4. Where can I get up-to-date information/help etc.?

Apart from doing your own research you can join the mailing list at PDFBox where you can ask questions. You can get to know answers to problems others are facing. It's worth joining. Please note that when you send a question to the mailing list, the reply is usually sent to only users of the mailing list - this means that if you have not joined the mailing list, you might be under the impression that your question was not answered when in fact it might have been answered and sent to all the users on the mailing list! To join the mailing list refer to http://pdfbox.apache.org/mailinglists.html

5. I have problems configuring my computer to compile or run Java programs. Are there any resources to solve this problem?
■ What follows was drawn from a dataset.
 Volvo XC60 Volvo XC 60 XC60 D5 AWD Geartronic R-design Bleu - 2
If you have problems configuring Java programs to compile or run on your computer, refer to this page.

6. I have included commons-logging-1.1.1.jar in my CLASSPATH but I am still getting compiler errors (applies to certain previous versions only. Look at the installation tips at the end of this page).

I have had problems setting up my classpath. First, you must prefix your CLASSPATH with .;  Otherwise when you try to compile or run your program from the command prompt you will face problems. Look at my CLASSPATH for in the installation tips for version 1.0.0. Second, the commons-logging-1.1.1.jar has to appear before the pdfbox-1.0.0.jar. My Java code would not execute when it was the other way around. Here is a link that gives you a good idea of how to set your CLASSPATH. It refers to a different situation but gives you a basic idea of how to set CLASSPATH.
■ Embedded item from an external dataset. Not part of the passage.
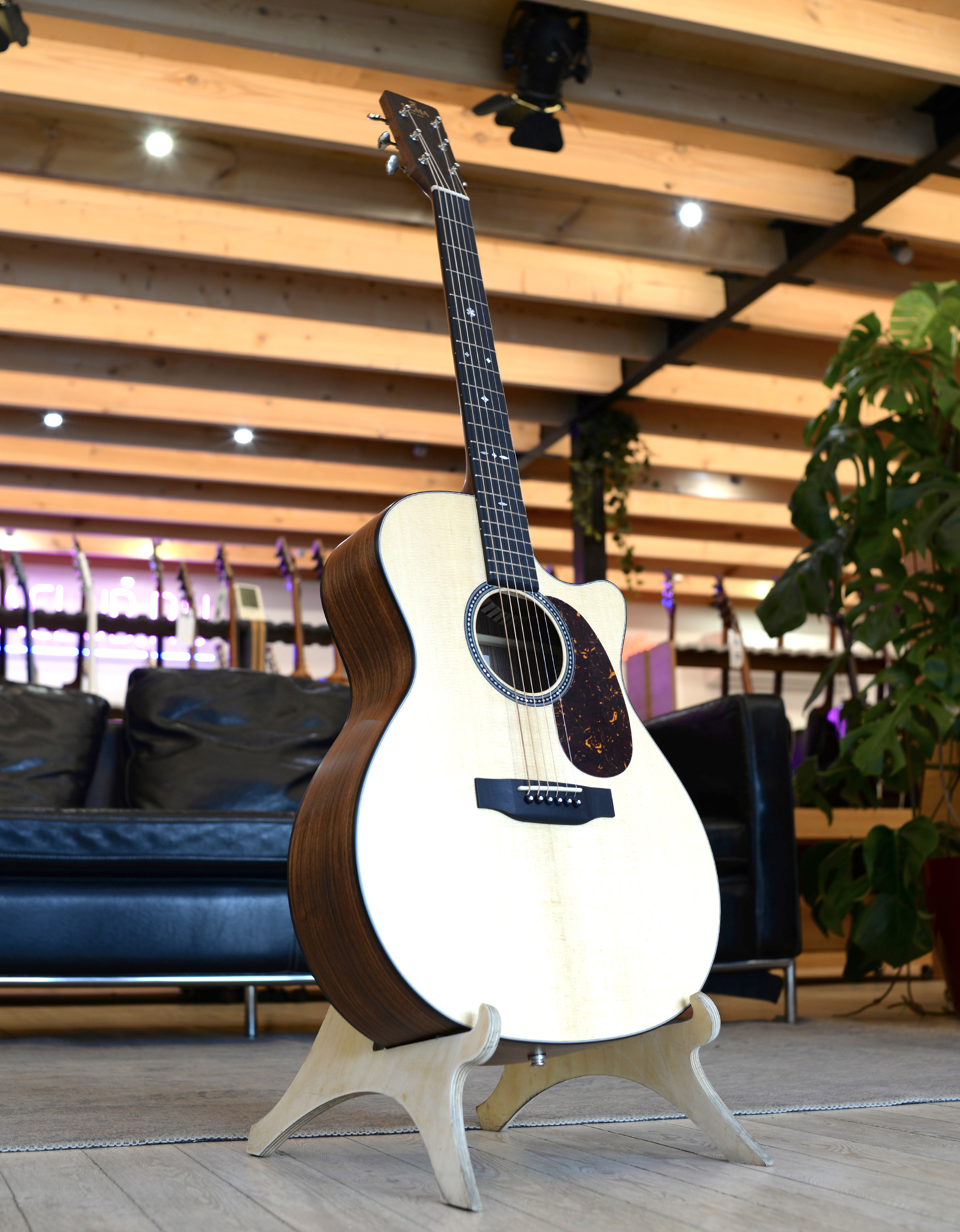 Электроакустическая гитара Sigma SGPC-10E - купить в "Гитарном Клубе"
7. Are there any conditions regarding which jars have to be added and which need not be (applies to version 1.1.0)?

In addition to the pdfbox-1.1.0.jar, the following are mandatory

commons-logging-1.1.1.jar
fontbox-1.1.0.jar
jempbox-1.1.0.jar
Take a look at  http://pdfbox.apache.org/dependencies.html. This lists the optional and mandatory jar files.

3. Programming with PDFBox:

As my knowledge of PDFBox is limited you may not get the answers that you are looking but I hope to keep updating this page as I learn.

Now that you have installed PDFBox you might wonder what to do next.
  1. Try running the sample code you have downloaded (refer to  FAQ 1 above).
  2. Next, try to get a basic understanding of the PDF specification. All PDF files are expected to follow this specification and knowing it helps. As you go through the PDF specification you will understand PDFBox better (as to why certain classes/processes exist). I am attempting to summarize the PDF specification at this link, but my effort is far from over and still in progress. Have a look at it and refer to further reliable resources mentioned on that page.
  3. Start looking at the PDFBox documentation.In the documentation that you extracted, start by looking at PDDocument located in the package org.apache.pdfbox.pdmodel
  4. Finally, write lots of code.
Creating a new PDF file (just a blank page):

This section refers to this sample code.


If you have been through the FAQs and looked at the sample code you would have a basic idea on how PDFBox works. PDFBox considers the class PDDocument found in the package org.apache.pdfbox.pdmodel to be equivalent of a PDF file. If you are opening or creating a PDF file you will be working with this class. Open the JavaDoc (refer to FAQ 3) and have a good look at the methods found in this class.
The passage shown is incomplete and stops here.